Sister site to the Adams Museum , the Historic Adams House (22 Van Buren Ave., 605/578-3724, www.adamsmuseumandhouse.org , May–Sept. daily 9 a.m.–5 p.m., Oct. Mon.–Sat. 10 a.m.–4 p.m., closed Nov.–Apr., adult $7, child $2) is shown by guided tour only. The house was built in 1892 and is one of the finest examples of a Queen Anne–style Victorian home in Deadwood .
W. E. Adams bought the house in 1920 with his first wife, Alice. It was closed in 1936 by his second wife, Mary Mastrovich Vicich, after W. E. Adams died in 1934 at the age of 80. Mary closed up the house, contents intact, and never lived in the house again.
She moved to California, but returned frequently to supervise the activities of the Homestake Mining Company, a company in which she now held controlling interest. When she returned to town, she stayed in local hotels.
For 50 years, the house remained empty and fully stocked. For a brief period from 1987 to 1992, the house was opened and used as a bed-and-breakfast. The proprietors, understanding the historical importance of the contents of the house, carefully stored everything in the attic. In 1992, the house was sold to the city for preservation.

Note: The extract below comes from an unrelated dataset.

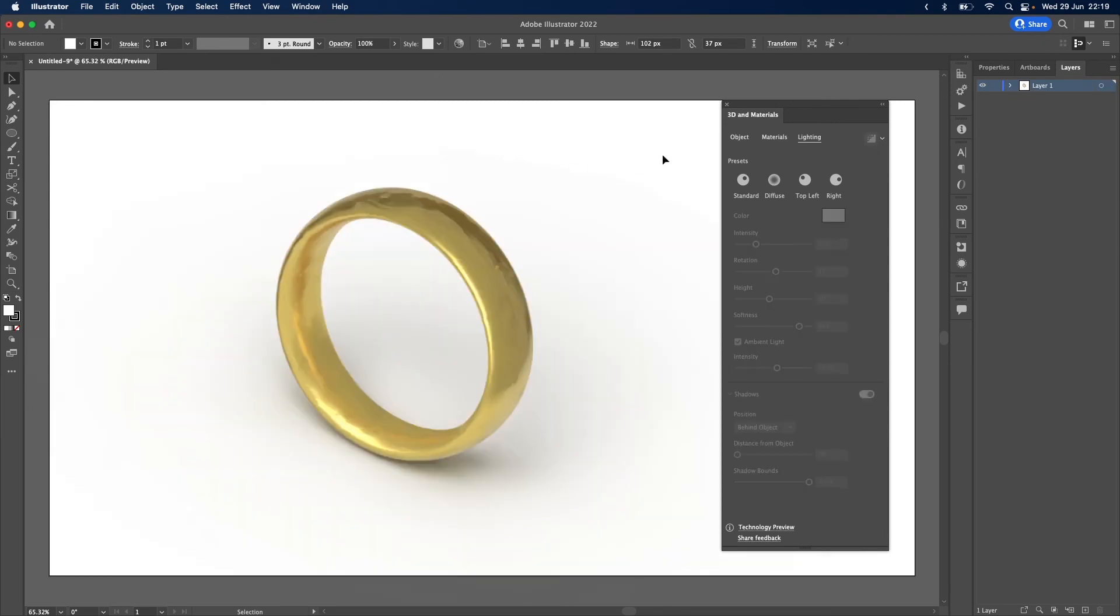And there we have it. A beautiful gold ring. Thank you so much for watching. Please like and subscribe. And let me know what you thought in the comments down below. See you next time.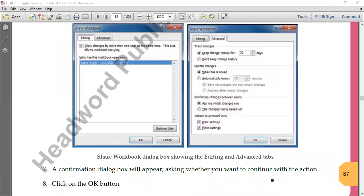There's also the 'Conflicting changes between users' option. A conflict occurs when I am making a change in one cell and another person is also making a change in the same cell — so whose change wins? There are two options: 'Ask me which changes win,' which means the computer will ask you which one to save, or 'The changes being saved win,' meaning whoever saves the file first, their changes are accepted.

The house was opened to the public in 2000 after careful restoration. Today, guided tours (every half-hour May–Aug., hourly Sept.–Oct.) give visitors a peek into the wealthier side of Deadwood ’s early days. Imagine entering a home where virtually nothing has changed since the late 1920s, the style in which the home was decorated. The original silverware, found in a safe, is on display, as are all of the furnishings, knick-knacks, artwork, and other personal possessions of Mary and William Adams, all relatively undisturbed to this day. It’s a fully authentic walk through another era.